#### Provided data ####

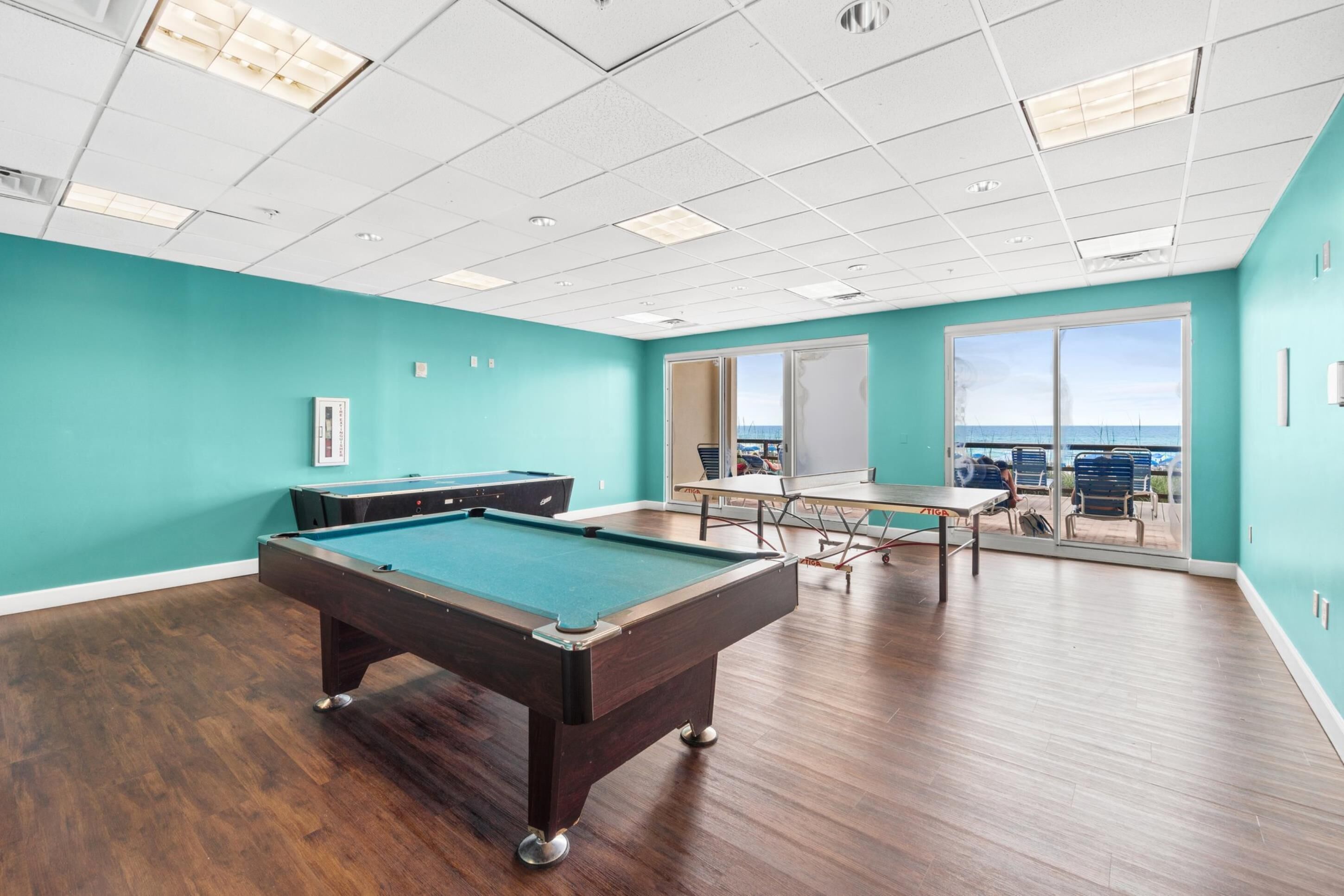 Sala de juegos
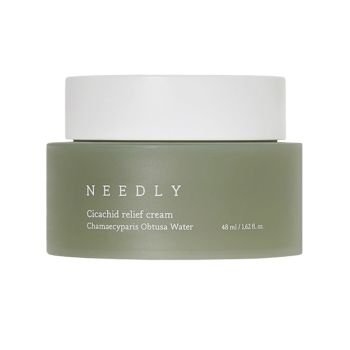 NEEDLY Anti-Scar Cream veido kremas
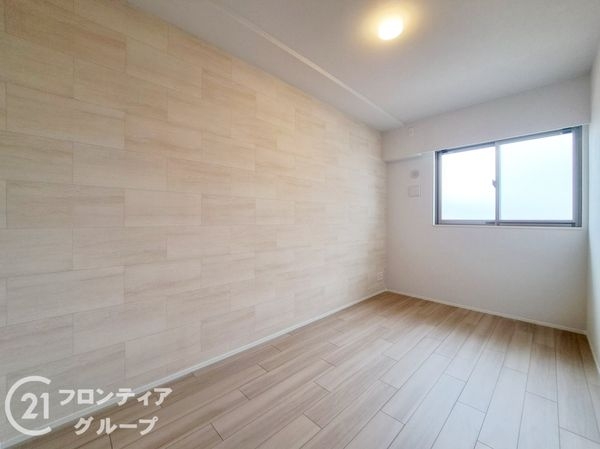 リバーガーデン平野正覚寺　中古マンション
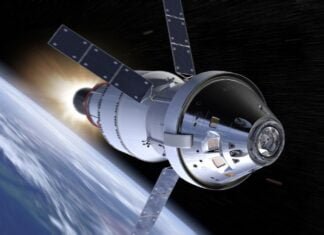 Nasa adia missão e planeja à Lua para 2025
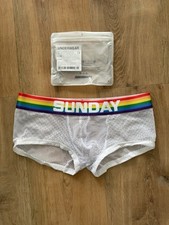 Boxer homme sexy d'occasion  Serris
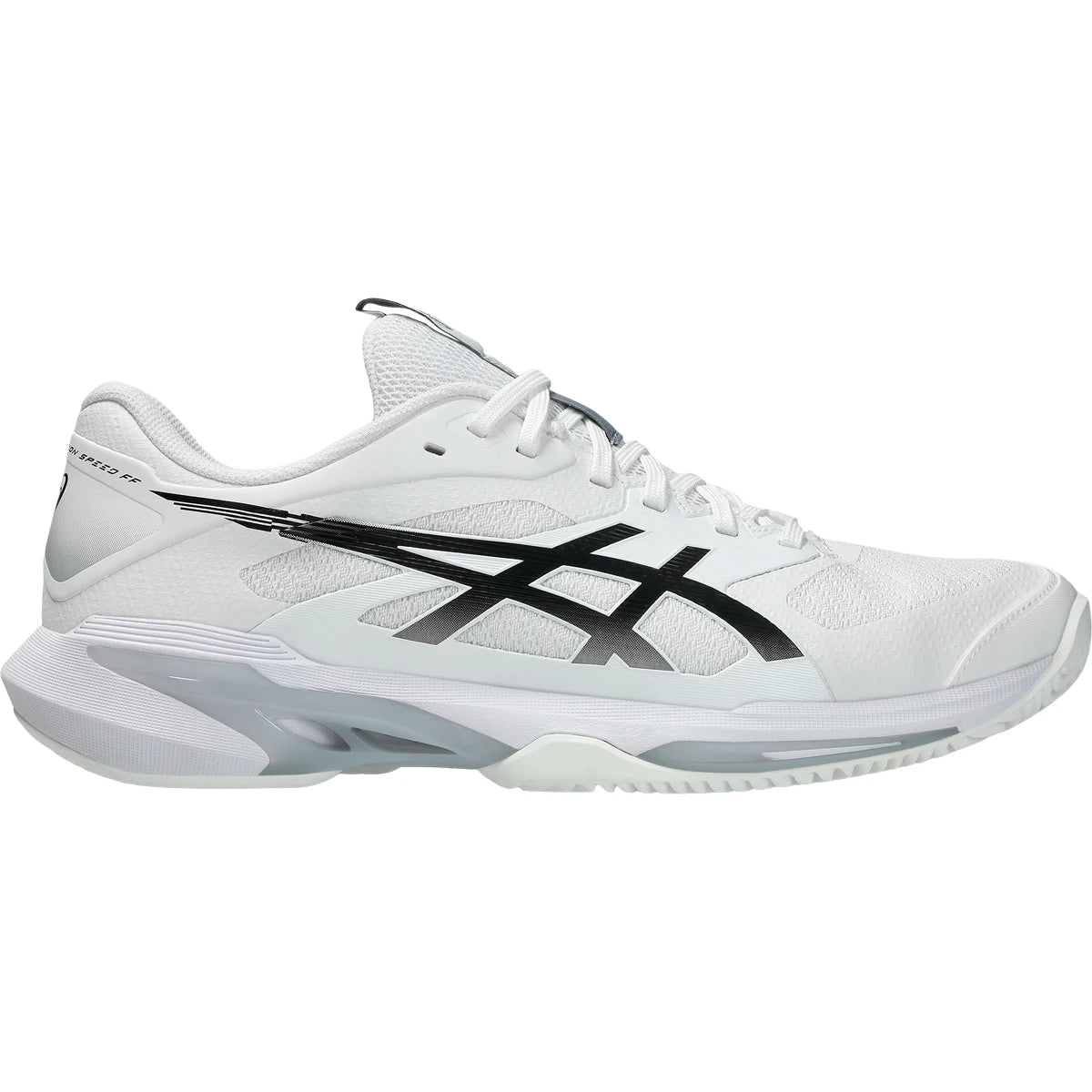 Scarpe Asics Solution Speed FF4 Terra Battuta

####

### Directions for this task
No pictures belong in the answer. It must repeat exactly the lines from the line with "Boxer homme sexy" through the final line of the records.

### Solved exercise
 Boxer homme sexy d'occasion  Serris
 Scarpe Asics Solution Speed FF4 Terra Battuta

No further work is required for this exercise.